An Army of Psalm Chanters

Taken from an old post on Jim Jordan, with some new material.

But let us consider what a Christian view of the Church would be. It would be a place of transformation, not merely of information. Marshaling the people into an army of psalm chanters would be at the top of the list. Indeed, in seminary several psalms would be chanted every day in chapel. The music in the church would be loud, fast, vigorous, instrumental, martial. There would be real feasts. People would be taught that when God splashes water on you, He’s really doing something: He’s putting you into His rainbow.

Elsewhere Jordan says

I should like to offer what I regard as a considerable caveat. I do not believe that men who sing pop choruses or plodding Trinity Hymnal songs on Sunday can get very far into Luther or Calvin, or for that matter Turretin. Men whose personal opinion is that society can be left to the devil cannot really get into the outlook of the Reformers.

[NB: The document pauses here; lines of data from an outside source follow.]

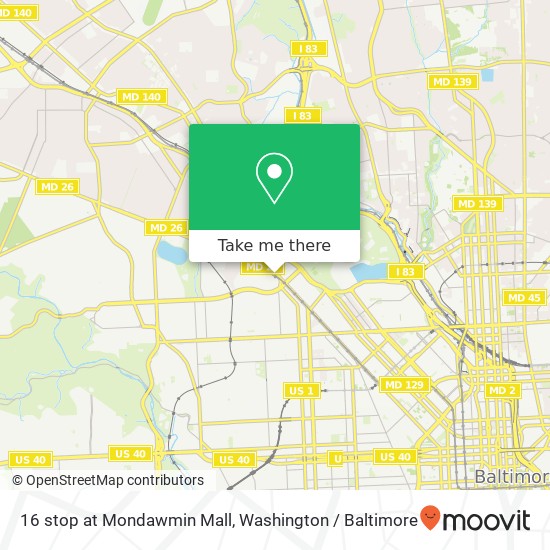 Mapa de 16 stop at Mondawmin Mall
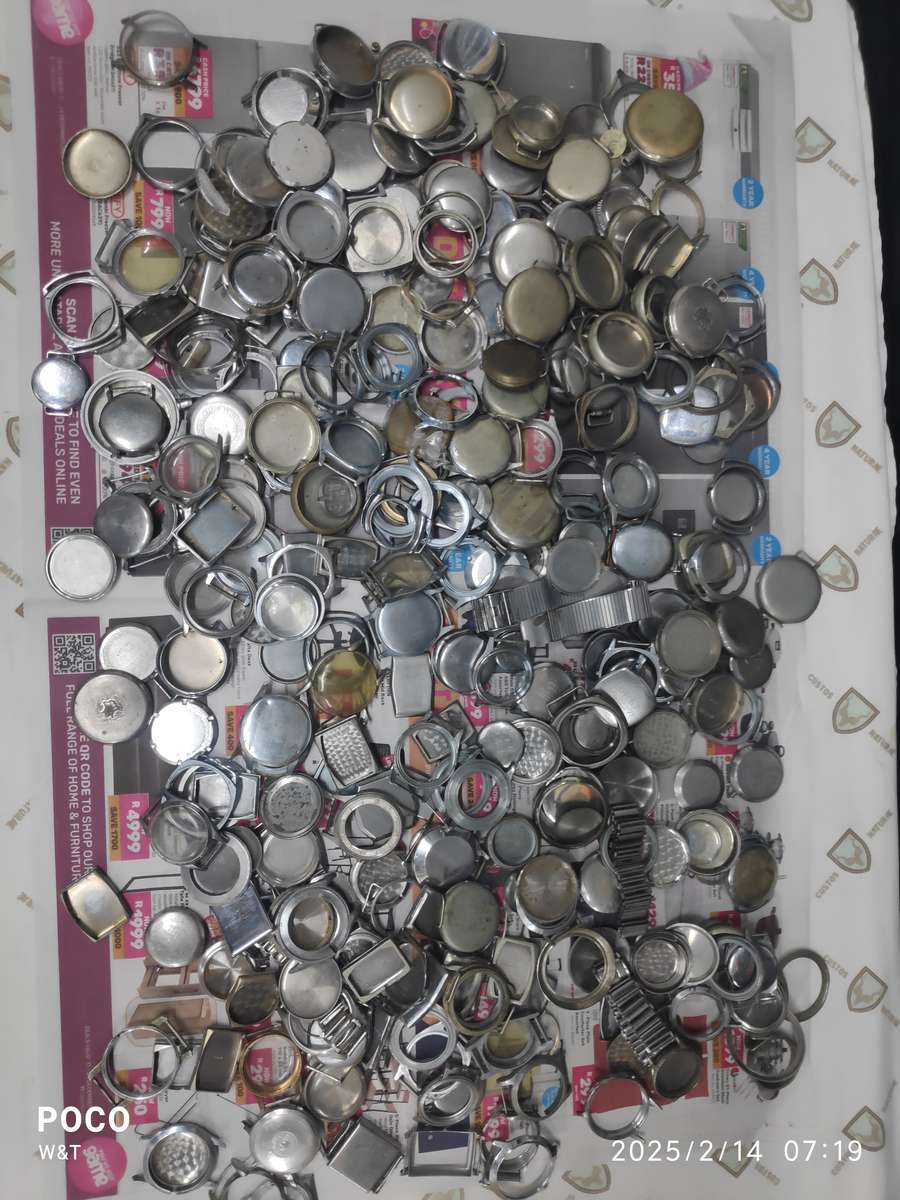 large lot of steel cases, trench, normal , tank and casebacks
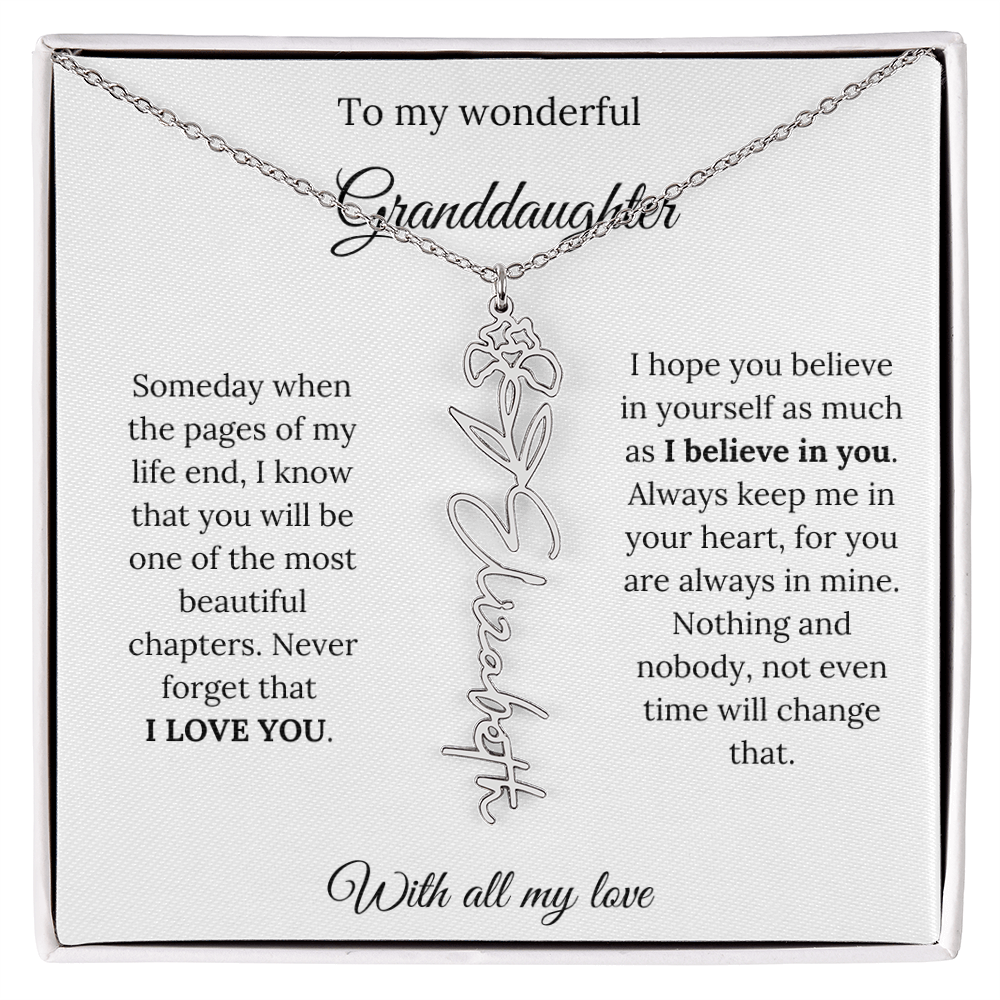 To My Granddaughter Necklace – Custom Floral Keepsake Jewelry Gift from Grandma & Grandpa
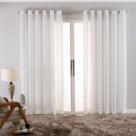Cortina Linho de Gaze Off White 280x170cm Sala Quarto Janela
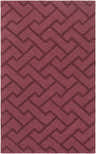 Plum Magness Area Rug close-up. Hand-loomed wool rug with a contemporary geometric pattern. Design-Rectangle-58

I submit that it is important to have some feel for what people were singing and how they were singing it at various times in history. Is it a coincidence that “Reformed scholasticism” began to develop at the same time that the fiery dance-like chorales and psalms of the Reformation began to die down into slow, plodding, even-note mush? It is a coincidence that the “Puritans” had problems with assurance of salvation, given their destruction of enthusiastic singing? I don’t think so. People who sing the psalms as real war chants, as war dances that precedebattle, don’t have problems with assurance and don’t have time for scholasticism. Neither do people with strong, fully-sung liturgies.

EO guys used to attack me on assurance.  “Well, how can you know?”  Well, there you have it.